Overview of molecular replacement in Phenix

Contents

Steps in structure solution with molecular replacement
- Model selection
- Molecular replacement
Automated Molecular replacement
Frequently Asked Questions
Reference

Molecular replacement (MR) is a phasing method that uses prior information in the form of known structures that are related or homologous to components in the crystal. Because it requires no additional experimental procedures or data, and additionally simplifies model-building, MR is usually the method of choice for structure determination when a suitable search model is available.

For new users, we recommend reading this document first, followed by the Phaser-MR tutorial for a step-by-step introduction to running MR in the Phenix GUI.
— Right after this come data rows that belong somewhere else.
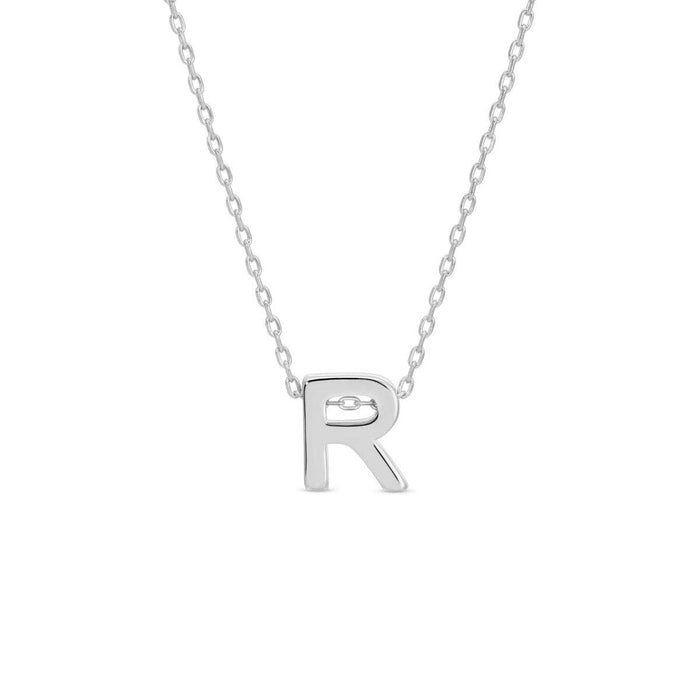Small Initial Necklace
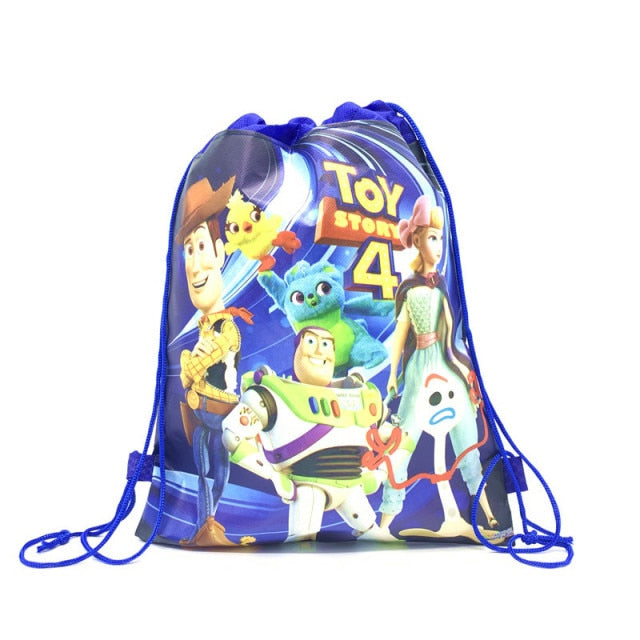 1pcs Disney Non-woven Fabrics Kid Favor Travel Pouch Storage Clothes Shoes Bags Cotton Drawstring Bags School Portable Backpack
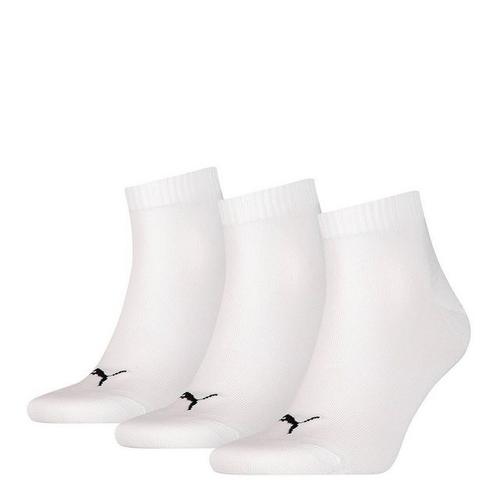 PUMA Plain Quarter-Socken 3er-Pack 35-38 in Weiß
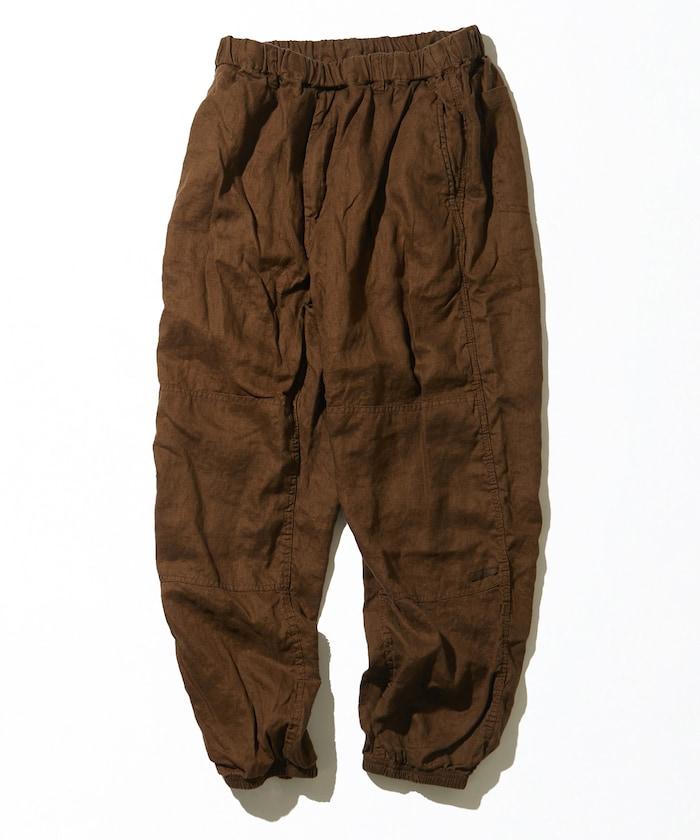 比利時亞麻健身錐形褲 1.2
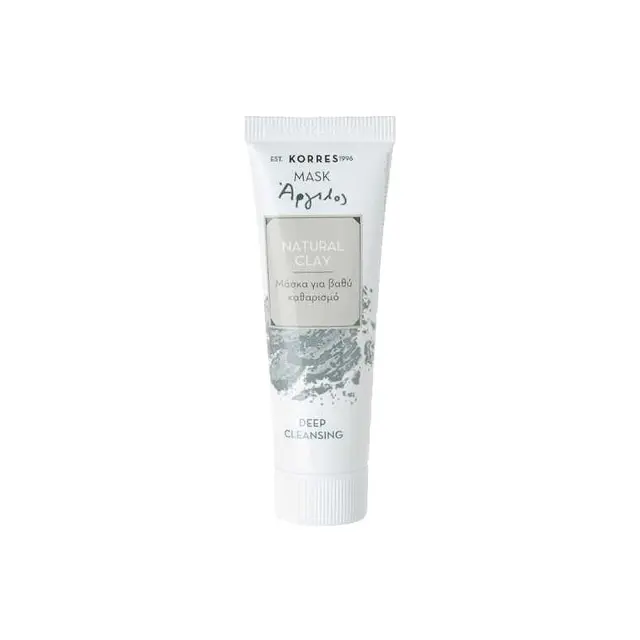 Korres Natural Clay Μάσκα με Λευκή Άργιλο για Βαθύ Καθαρισμό, 18ml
Steps in structure solution with molecular replacement

Model selection

Structures of suitable models are normally found via homology searches (using e.g. NCBI Blast for reasonably close relatives or HHpred for more distant relatives), and can be characterized by the sequence identity with the target sequence.

The main restriction on the use of molecular replacement is the requirement for a suitably similar search model. Although there is no exact rule for this, the relationship between sequence identity and MR success is roughly as follows:

Better than 40% identity: usually easy, unless large conformational changes are involved.
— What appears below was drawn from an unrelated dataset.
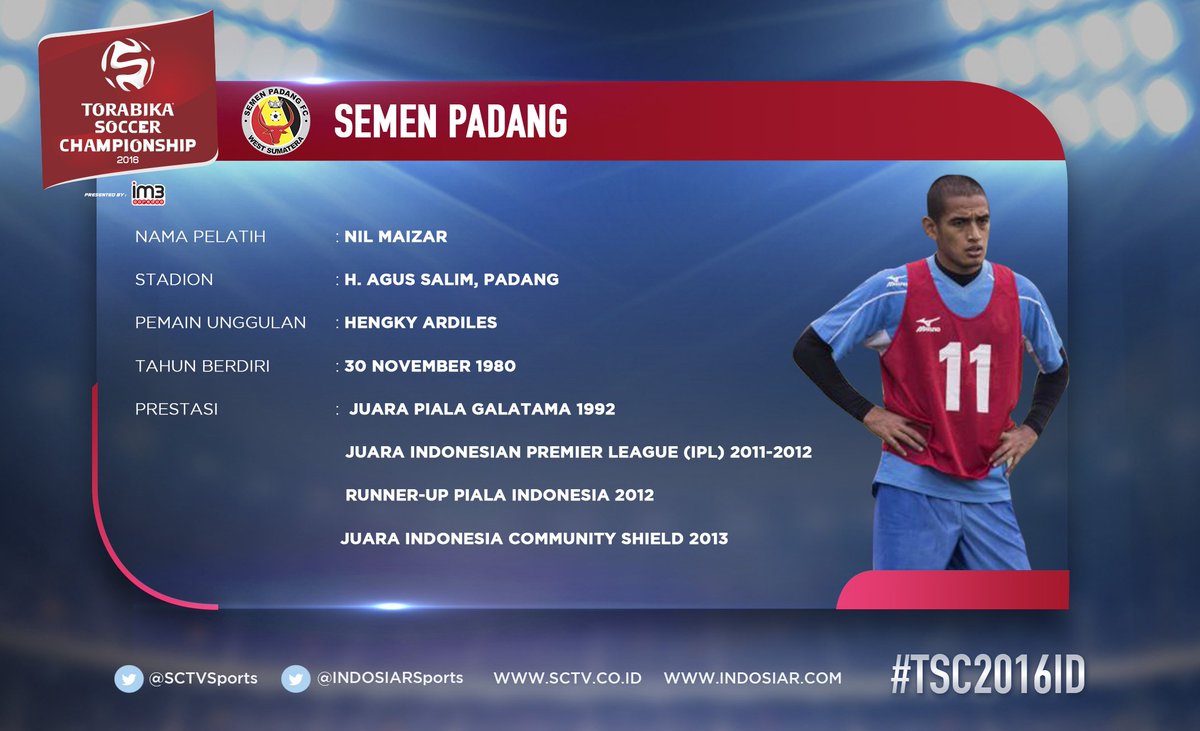 SCTV's tweet photo. Profil Klub Torabika SC 2016: Semen Padang https://t.co/CHmcLNWLHf via @bolacomID https://t.co/EwTIX1LHjk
30-40%: MR usually possible, but sometimes more difficult.

20-30%: MR usually difficult if at all possible, careful model search and preparation required.

Less than 20%: MR unlikely to work, but MR-Rosetta can help in marginal cases.

In terms of RMSD, above 2.5A is very unlikely to work, while 1.5A or less is preferable.

Structures that undergo large conformational changes may need to be split into separate domains for searching, regardless of sequence identity. Where multiple similar search models are available, combining these into an ensemble will often improve the likelihood of success, particularly if the trimming option in Ensembler is used to trim the ensemble back to its conserved core.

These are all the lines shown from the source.